**Work request:** What are the lines below, starting at the line containing "Salvatore Ferragamo Hand" and ending at the line containing "Men's Rubber Soft"? Write them out exactly, ends included, without pictures.

**Given data:**
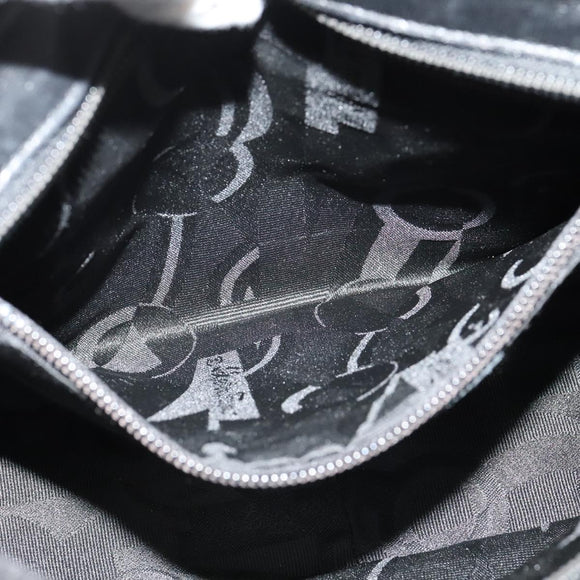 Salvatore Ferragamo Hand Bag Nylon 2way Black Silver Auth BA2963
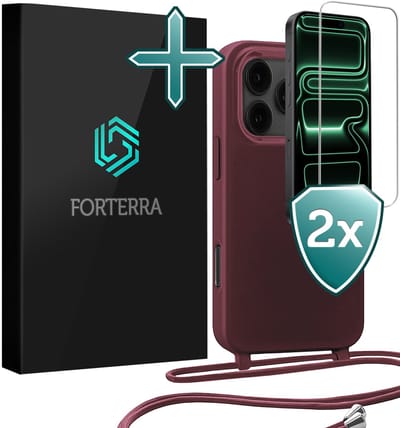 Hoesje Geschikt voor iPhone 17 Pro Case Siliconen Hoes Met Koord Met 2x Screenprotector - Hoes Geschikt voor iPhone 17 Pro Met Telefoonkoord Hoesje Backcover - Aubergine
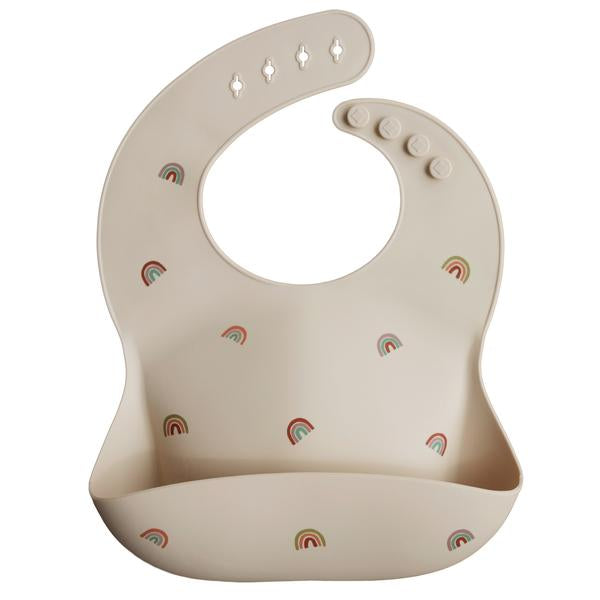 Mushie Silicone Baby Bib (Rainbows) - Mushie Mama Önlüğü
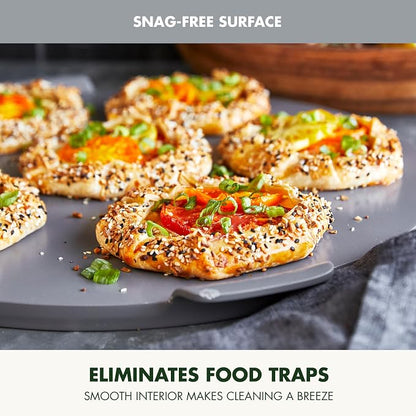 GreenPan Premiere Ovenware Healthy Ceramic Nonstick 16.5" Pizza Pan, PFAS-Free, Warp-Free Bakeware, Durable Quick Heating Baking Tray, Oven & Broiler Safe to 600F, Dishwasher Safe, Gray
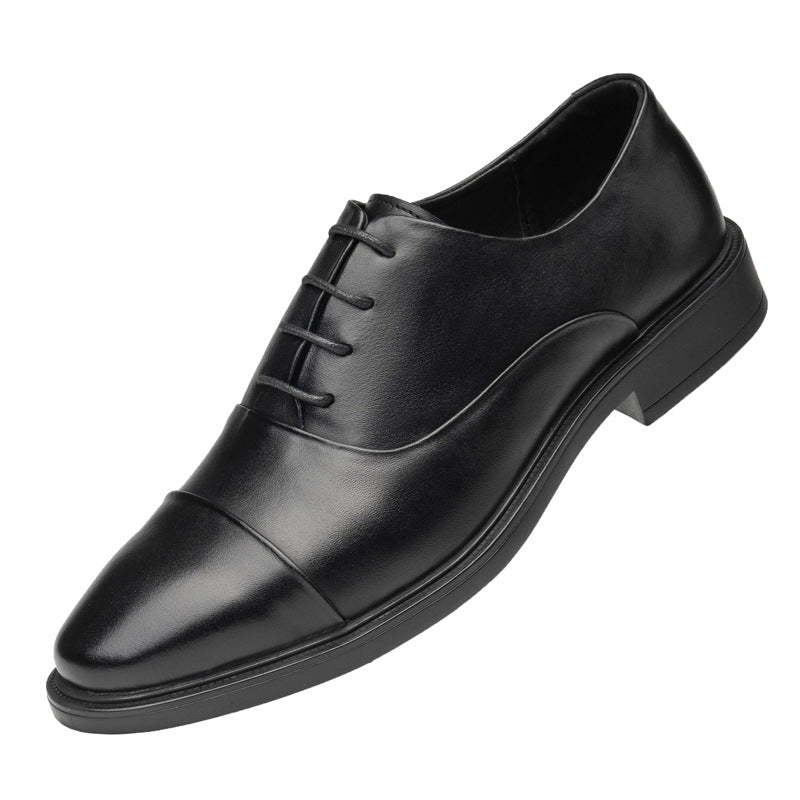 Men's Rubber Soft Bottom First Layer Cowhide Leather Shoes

...

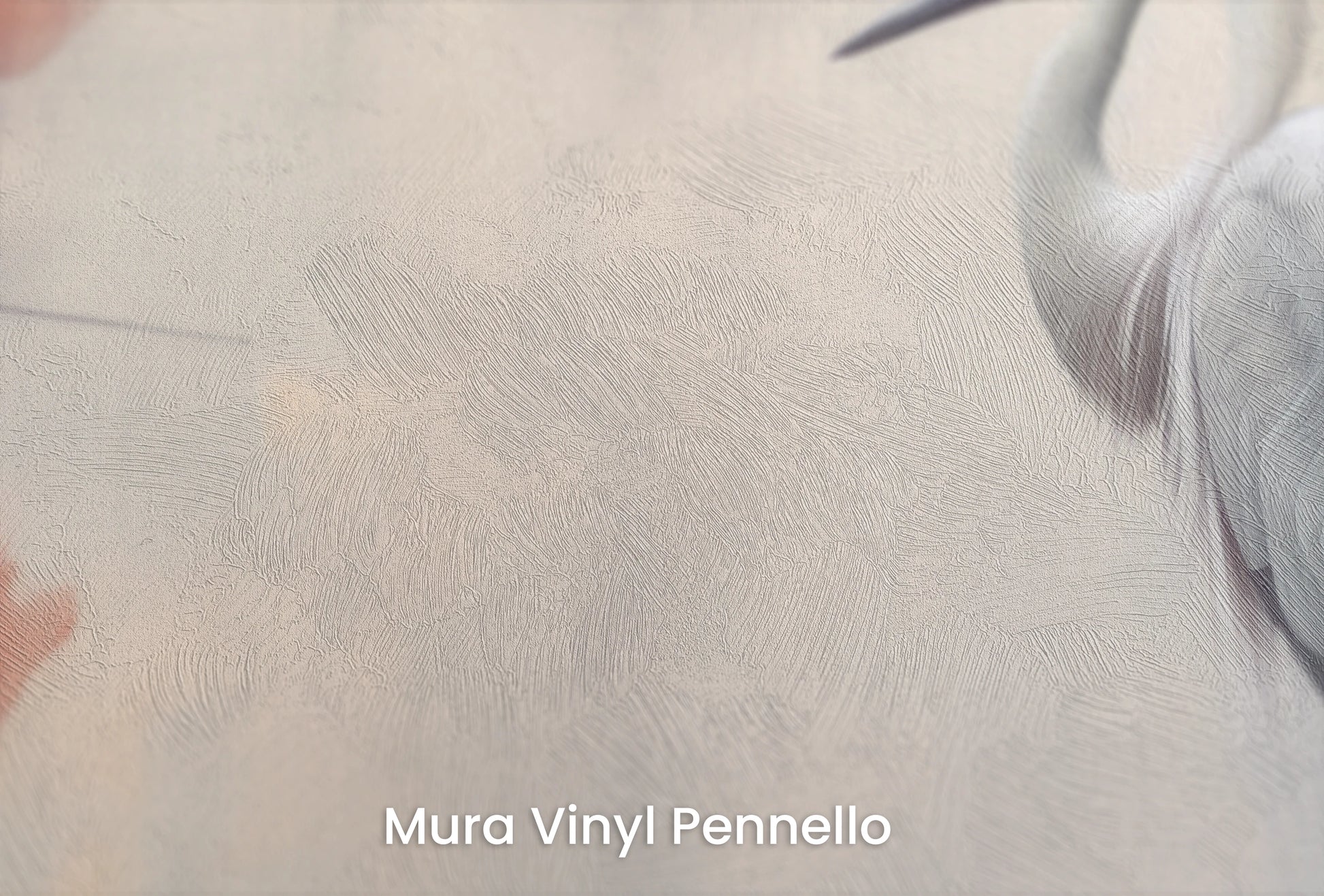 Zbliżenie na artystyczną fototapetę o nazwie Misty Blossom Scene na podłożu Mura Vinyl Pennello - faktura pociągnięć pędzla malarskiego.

...

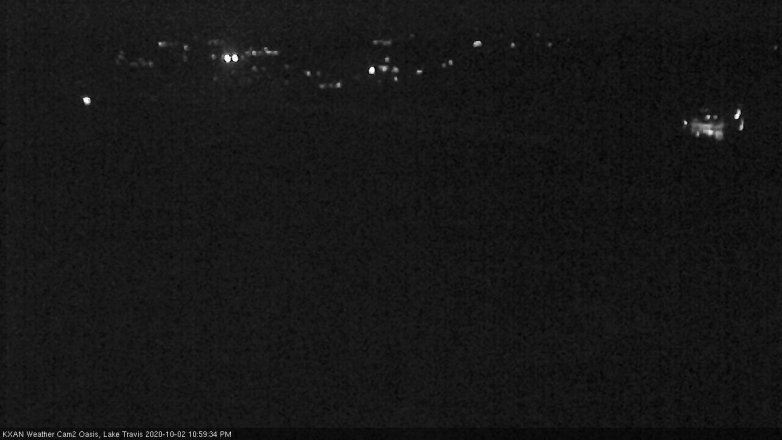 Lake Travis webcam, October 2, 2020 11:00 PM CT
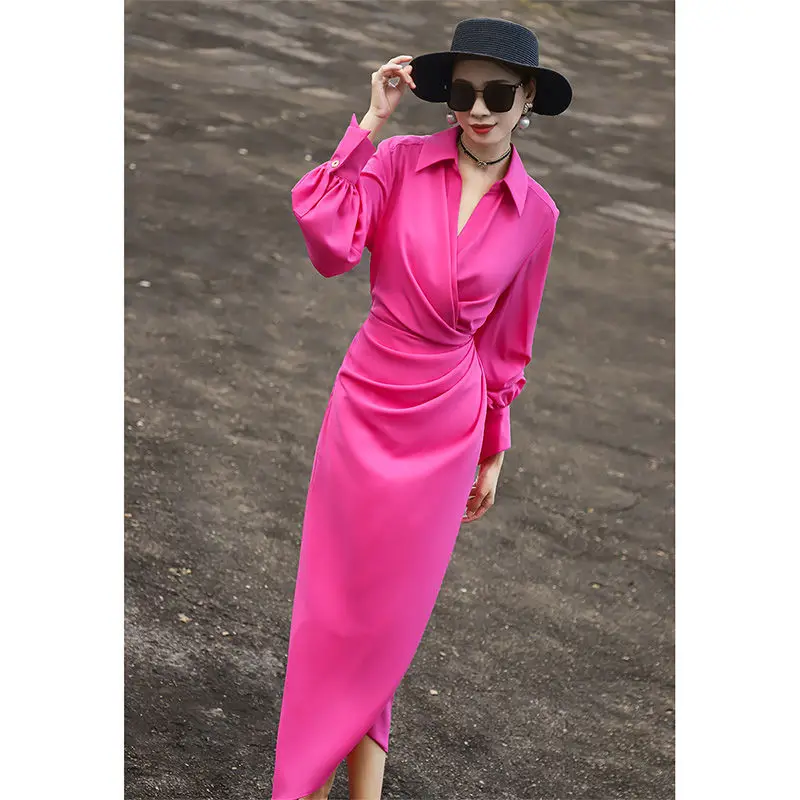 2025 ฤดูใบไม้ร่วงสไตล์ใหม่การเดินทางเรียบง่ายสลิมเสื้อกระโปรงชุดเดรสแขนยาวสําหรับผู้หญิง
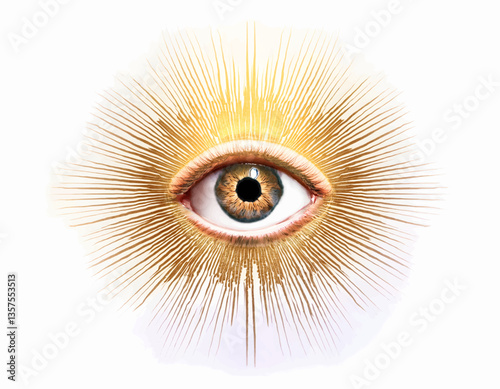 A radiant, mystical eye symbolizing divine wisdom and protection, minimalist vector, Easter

**Output for this exercise:**
 Salvatore Ferragamo Hand Bag Nylon 2way Black Silver Auth BA2963
 Hoesje Geschikt voor iPhone 17 Pro Case Siliconen Hoes Met Koord Met 2x Screenprotector - Hoes Geschikt voor iPhone 17 Pro Met Telefoonkoord Hoesje Backcover - Aubergine
 Mushie Silicone Baby Bib (Rainbows) - Mushie Mama Önlüğü
 GreenPan Premiere Ovenware Healthy Ceramic Nonstick 16.5" Pizza Pan, PFAS-Free, Warp-Free Bakeware, Durable Quick Heating Baking Tray, Oven & Broiler Safe to 600F, Dishwasher Safe, Gray
 Men's Rubber Soft Bottom First Layer Cowhide Leather Shoes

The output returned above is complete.